[Pvfs2-developers] Trove patches
Phil Carns
pcarns at wastedcycles.org
Wed Jul 26 14:59:07 EDT 2006
Julian Martin Kunkel wrote:
> Hi,
>
>>status? The state of the operation is already gone, so you can't
>>distinguish between the caller giving you a bogus ID and the caller
>>giving you the ID of something that recently completed. The thread that
>>called test() assuming that the operation would be there will probably
>>be confused by the result either way.
>
> I was also talking about the interference between cancel and test calls.

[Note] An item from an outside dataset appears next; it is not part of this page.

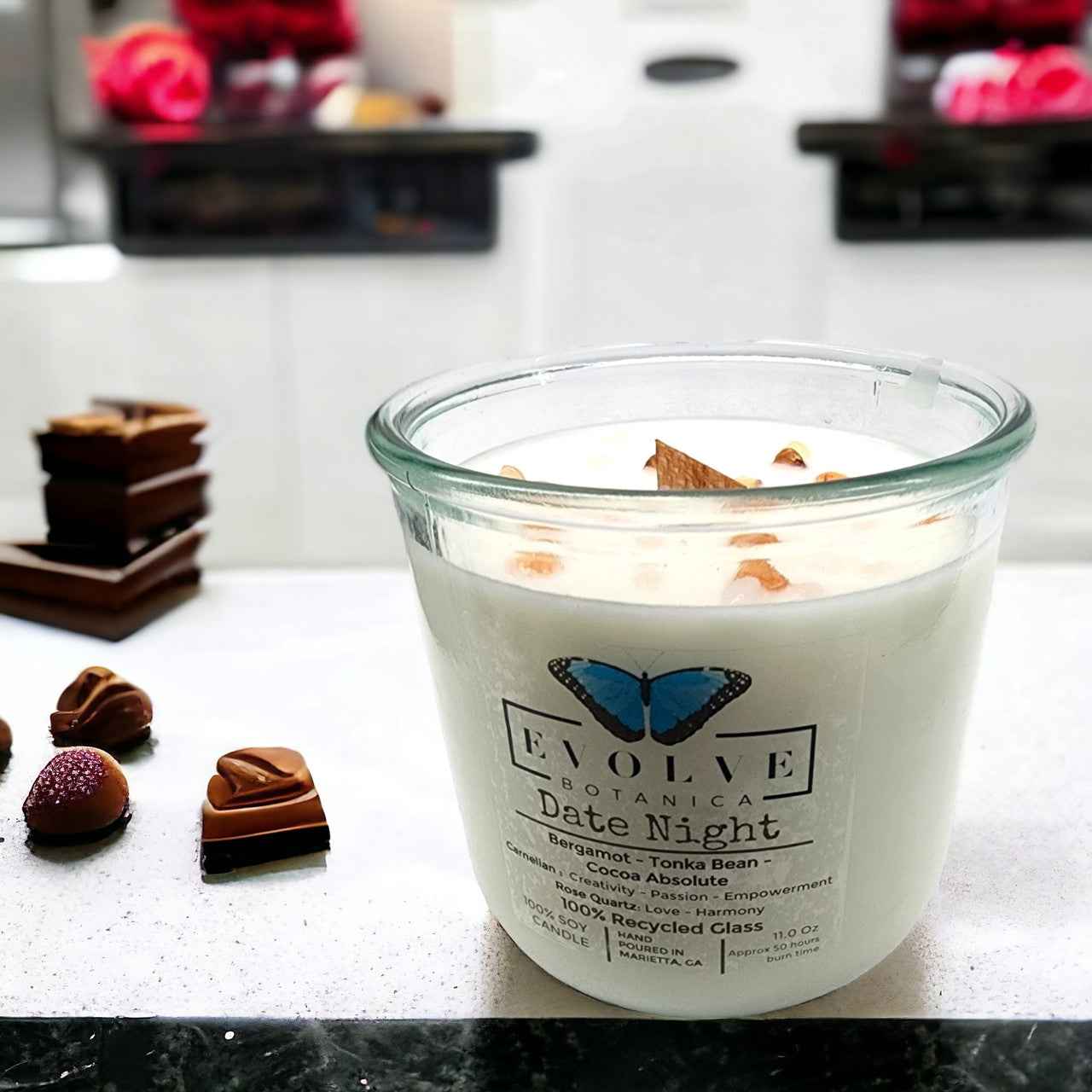 Rocks Candle - Date Night (Wood Wick Rose Quartz & Carnelian Gemstone Soy Candle)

> Right, you can't tell if the ID is bogus or recently completed if you run
> multiple test calls.
> However, I think that is much better than accessing invalid / undefined memory
> because that makes it hard to find the problem, in case you call test
> functions after another. Also the application knows if it has posted the ID
> before, so a return value like "completed or invalid ID" means something to
> the app.
> In terms of MPI multiple MPI_TEST calls of an already finished request return
> an error to the caller because the request is invalidated (set to
> MPI_REQUEST_NULL) once it is completed and mpi_test is called. That would be
> a similar semantics to trove with gen_safe.
> I like the explainations you write with poll and I agree if you call both test
> functions at the same time then it is bad practise / undefined which one gets
> the right status.
Ok, I think we are on the same page then.
I misread which potential race condition you were talking about. I
don't think that cancel() is a particularly dangerous case, though,
because it doesn't actually destroy any operations- it just moves them
to a completion queue to later be cleaned up by a normal test() or
testcontext() call. By itself it shouldn't lead to corruption with the
test() call.
Just to clarify where I am coming from, I don't mind if the calls are
made safer from a debugging/development point of view. I also don't
have any clue what the performance difference really is between the id
generator implementations. I just wanted to make sure that this wasn't
being done to encourage the API to be used in a bad way. The
test/testcontext approach is used in a whole pile of internal interfaces
within PVFS2, so it would be good if we try to keep up the semantic
assumptions consistent across the board.